According to Swedish information security professional Andreas Lindh, part of the problem is that we made the mistake of putting all our trust in machines -- firewalls, antivirus, IPS/IDS, and so on -- while neglecting to invest in people and skills. We seem set to make the same mistake again.

"Security products [have] been marketed and sold as 'solutions' rather than tools; heavily automated and not really much to work with. Because of this, they have been considered as infrastructure components rather than applications; you just install and configure them, and then let them do their magic," Lindh wrote at the blog 3vildata.

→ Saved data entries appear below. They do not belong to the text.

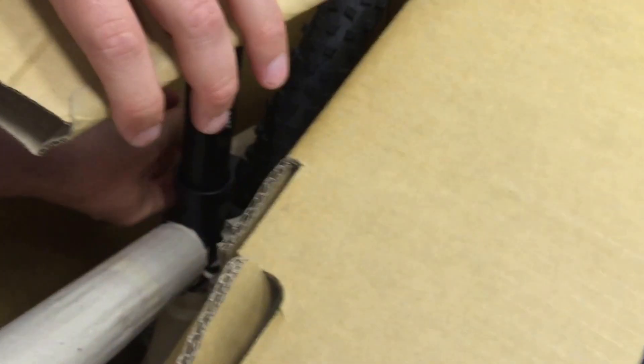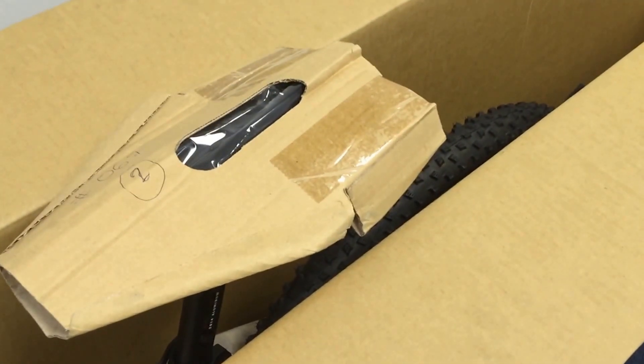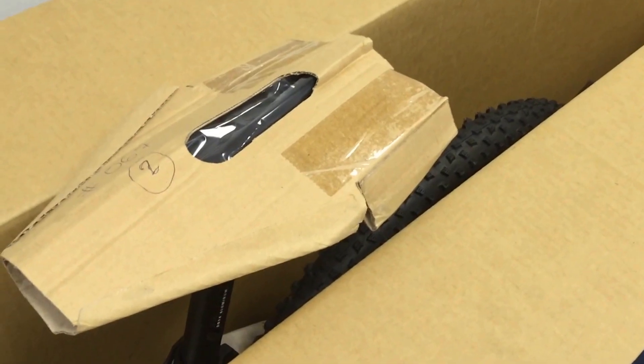Close the quick release. Go ahead and leave the cardboard on there for now, because in a second we're going to flip over your bike and we do not want your saddle getting damaged.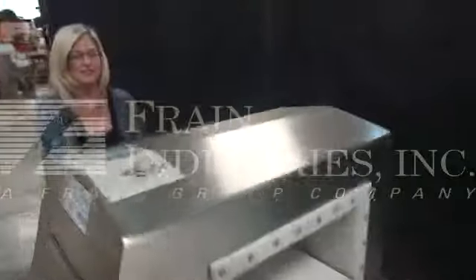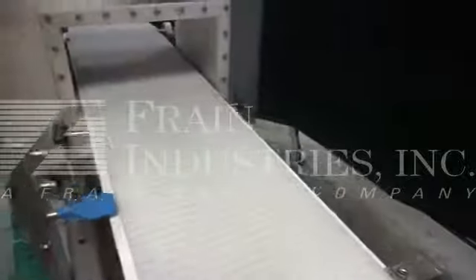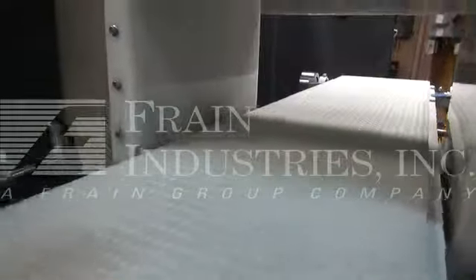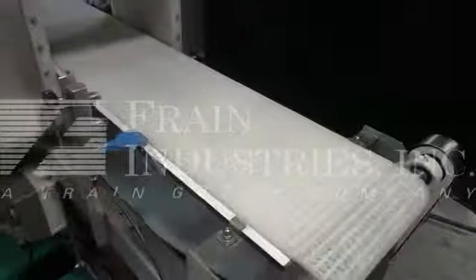The first one that we'll go through will be non-contaminated. Ferrous, non-ferrous, stainless steel, and non-contaminated.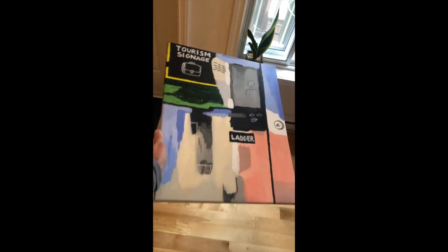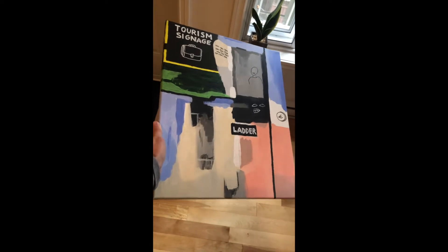Hey everyone, I'm just going to be showing you how to take your cover photo for when uploading a listing on Koji Street.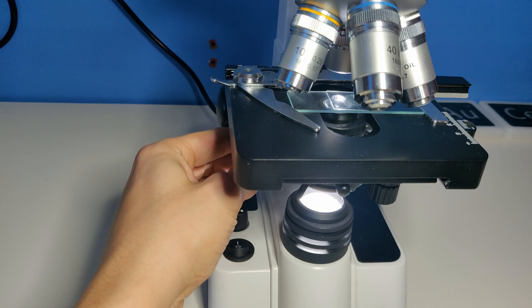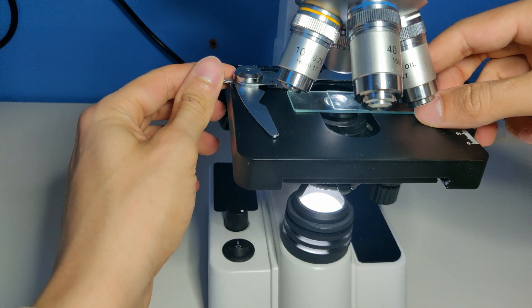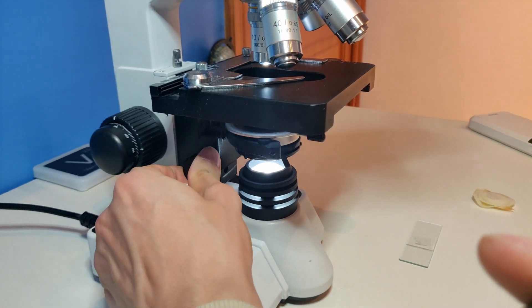Adjust the height of the condenser so that there is only a few millimeters between the specimen and the top of the condenser. When you see through the microscope you normally see a polygon — in this case a hexagon. But the edges of the hexagon may be blurry. Turn the condenser down until the edge of the hexagonal image is sharp.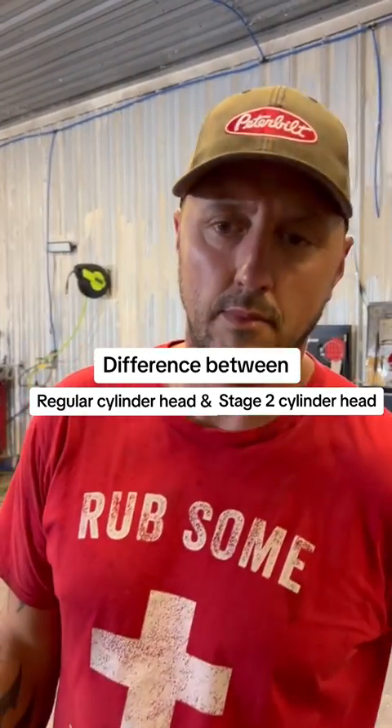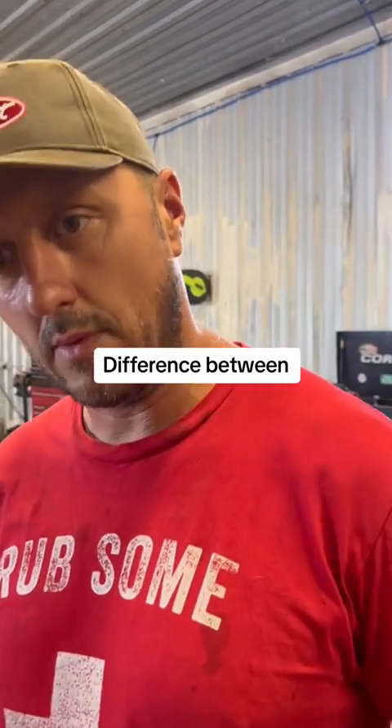Hey dad, what's the difference between a regular cylinder head and a stage 2 cylinder head? A regular cylinder head is just exactly what it sounds like — that's going to be a regular cylinder head. A stage 2 cylinder head is going to be one that has inclined exhaust valves. Stage 3 head is one that has inclined intake valves.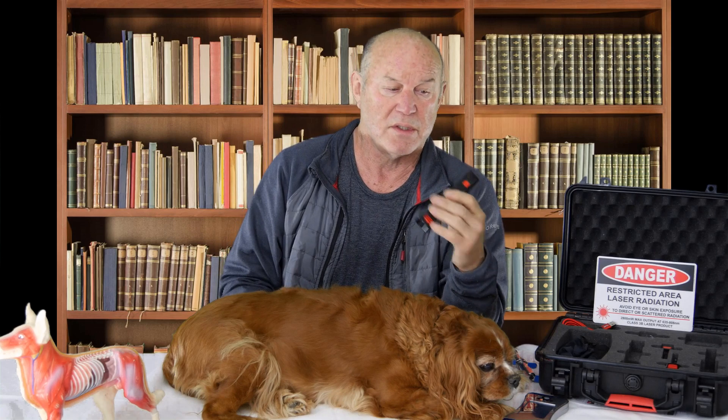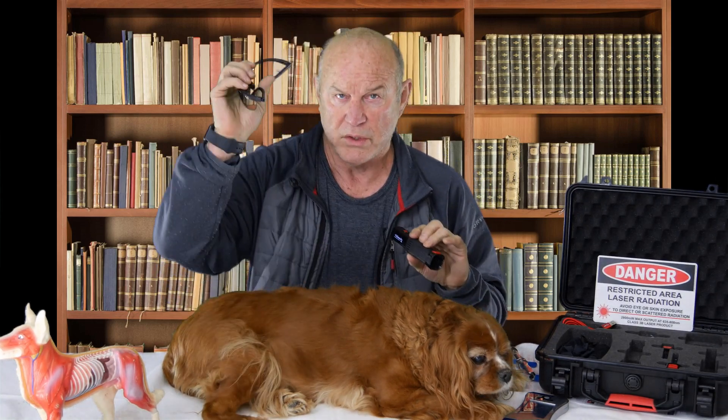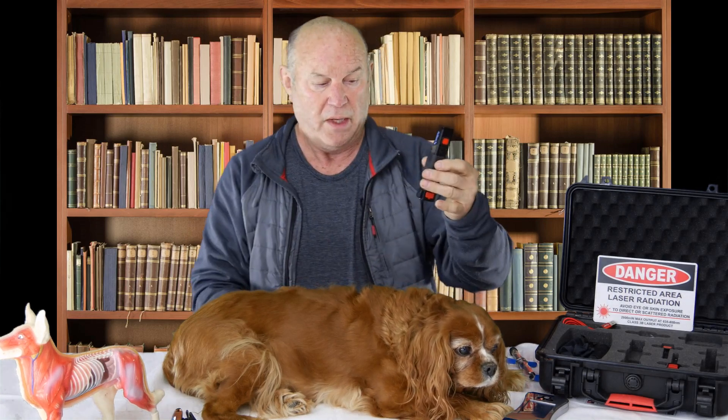You can go to A, B, C, D, etc., go to the Ds, go to disc disease, and pick out disc disease canine. There are 900 protocols for animals and 900 for humans in this device. Then you hit the button again. It'll remind you to put your glasses on. It's a class 3B laser, so glasses come in the case, though we don't use them. Then we hit the button and it's lasering.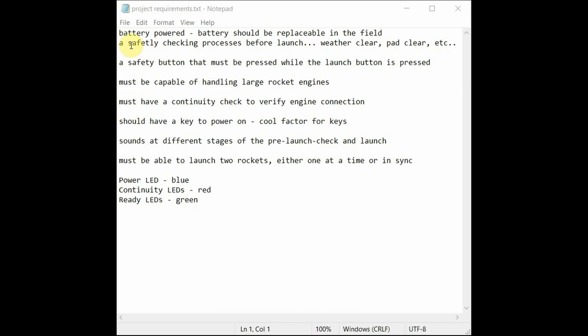We need a series of safety checks before launch — buttons for weather clear, pad clear, and range clear. There's a safety button that must be pressed while the launch button is pressed, so you can't accidentally launch. It must be capable of handling large rocket engines, which means higher currents, and must have a continuity check to verify engine connections. We can launch two rockets with this, and continuity confirms the clips are correctly tied to the igniter. For cool factor, we want a key to power the whole thing on, sounds at different stages, and those sounds will be replaceable — Star Wars sounds or NASA sounds, for example.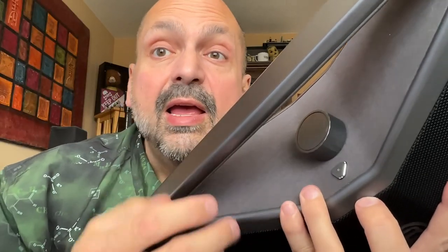Beneath this rubber plug, we have a 3.5-millimeter auxiliary input port and a USB-C charging port. Between them is a reset switch. This part is suede, as is the underside of the handle. If you're a tactile person like me, you will appreciate how good that feels.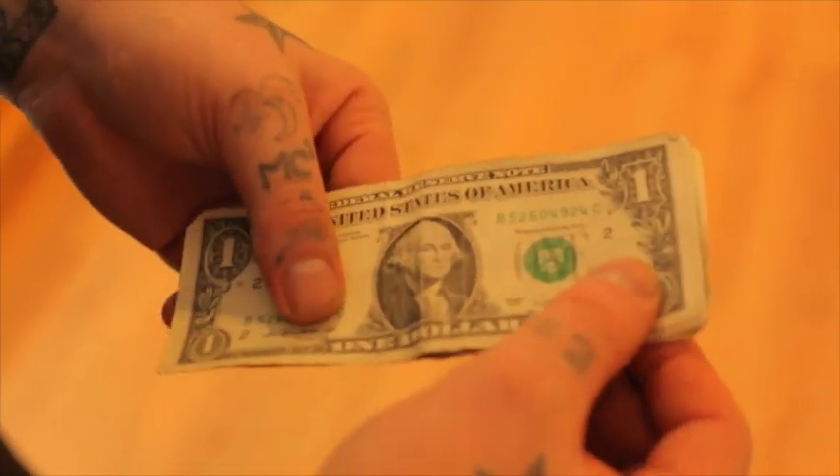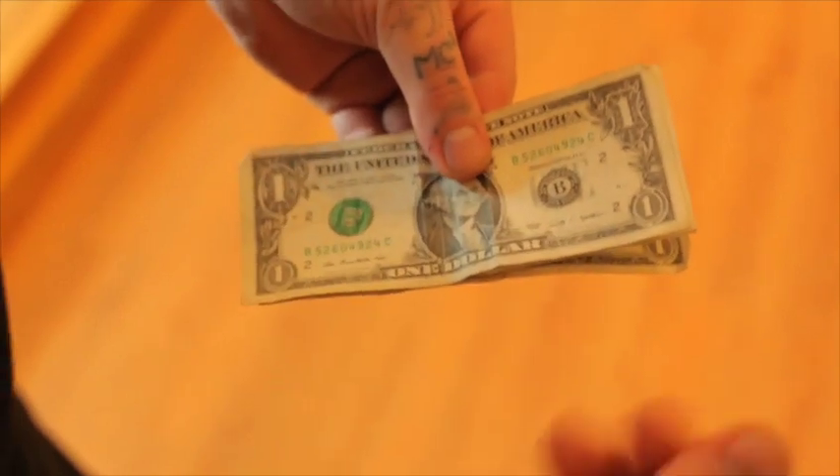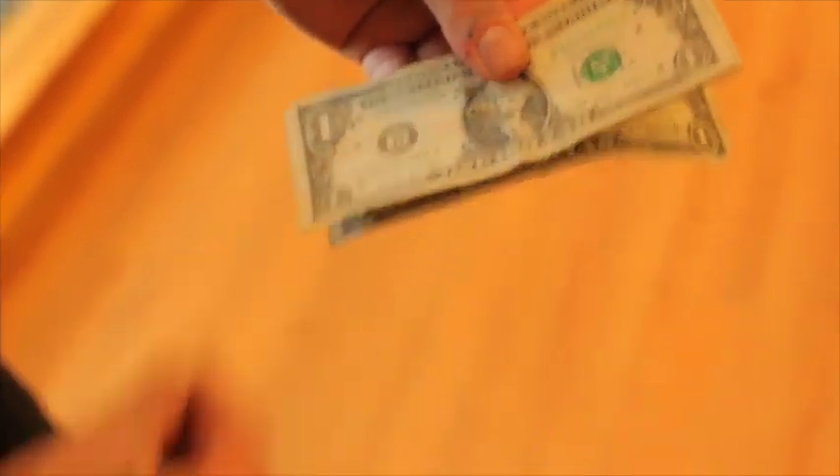This is a transposition of ink on a signed bill. It's going to happen right in front of your spectator's eyes. It's easy, super visual, you're going to love it.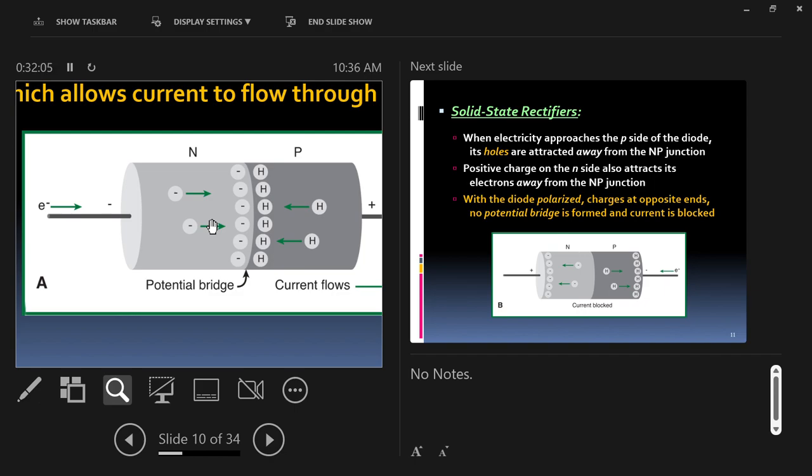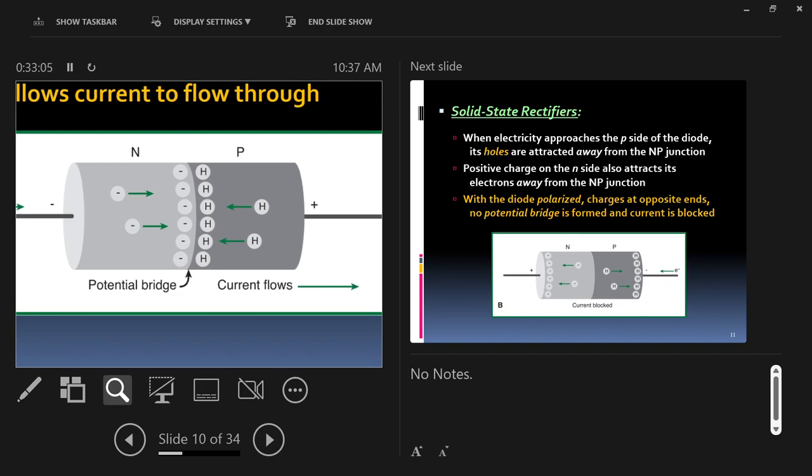On the P side are atoms that don't have electrons in their outer shells — they have a net positive charge. We know opposite charges attract, so when those electrons are pushed from the N side toward the NP junction, all the atoms on the P side are attracted to those electrons. When they connect, they create something called a potential bridge, and the atoms and electrons line up together — allowing electricity to now flow freely from left to right through the NP junction and through the P side of the material.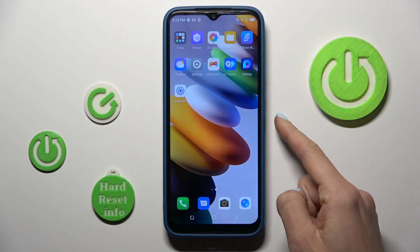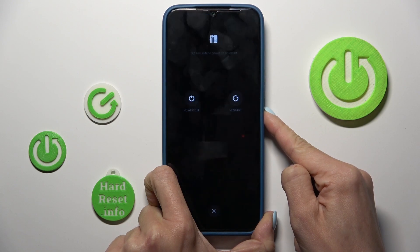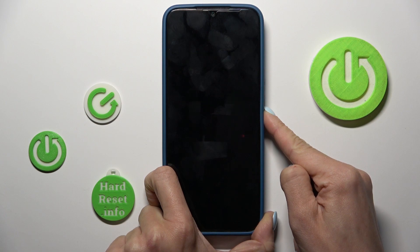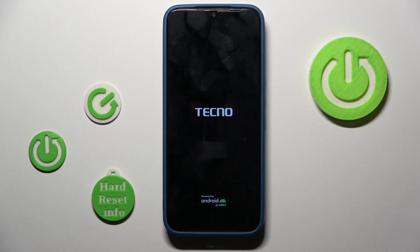All you have to do is tap on your power button and hold. Keep holding, and once you feel the vibration and also see the logo, you can release the button.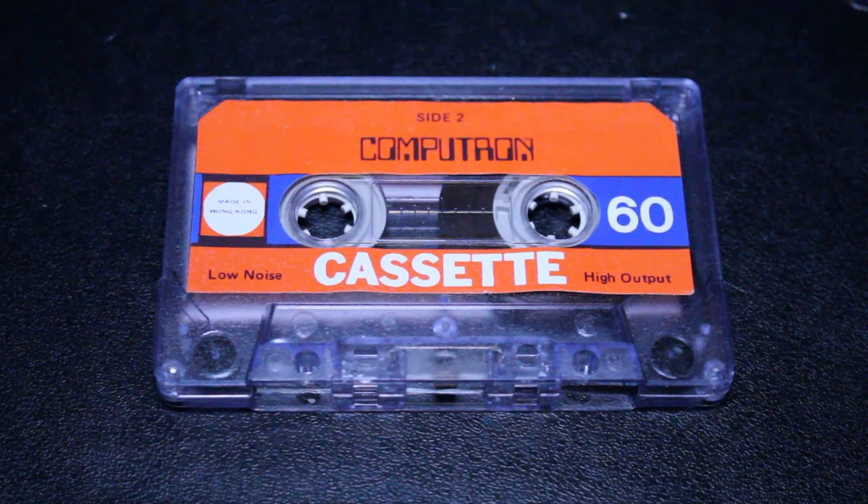In this video I'm going to be taking a look at this very interesting cassette that I bought way back in the 1980s. Yes, believe it or not, I purchased this tape way back in, I believe, 1984 and it's called Computron.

"The thing about buying automated solutions is that it removes the incentive to invest in knowledge of the problem the solution was supposed to solve. Why pay money so that someone can learn how to solve a problem that has already been solved, right? For an enterprise, this makes perfect sense, and for a while it worked."

The result, however, has been that organisations are populated by information security staff members who may know how to operate the dashboards, but may not understand the underlying cause of the problems they display.

"Some vendors are still doing the 'here's our latest product that will solve all your problems' song and dance, and people are still buying it. This means that the very industry that is suffering from the skills shortage is actually contributing to it. And yeah, you could argue that it is the buyers themselves that are responsible for understanding the need for skills as well as products, but that's not really how the world works. Unless security people tell organisations that you actually need to understand endpoint security to do good endpoint security, that's just not going to happen," Lindh wrote.

"[I]t is kind of dangerous to rely on products that you have no idea what they are doing. In 2015, the option of letting a product solve your security problems on its own doesn't exist. Maybe it never did."

Turner is concerned that in trying to fix the problems, governments will make matters worse through a lack of consultation.

"There's a whole host of things that the internet's just going to be impacting massively -- every single aspect of it. So for politicians not to be across it, and to just go, 'Yeah, yeah, we'll let it all self-regulate and pan out in the end'? No, they're never going to do that," Turner said.

"[The government] is then going to want to be seen to be doing something, and doing something constructive. And if it's not being adequately informed, then it runs the risk of responding to either the wrong requests, or trying to put in legislation which actually doesn't help anybody at all."

From this writer's perspective, it seems that in 2015, organisations will need to make sure that governments are getting good advice, including their own viewpoints. Businesses will need to start building the skills of their information security teams. That will all take time.

So until then? Cross your fingers, and hope that the bad guys hit your competitors first.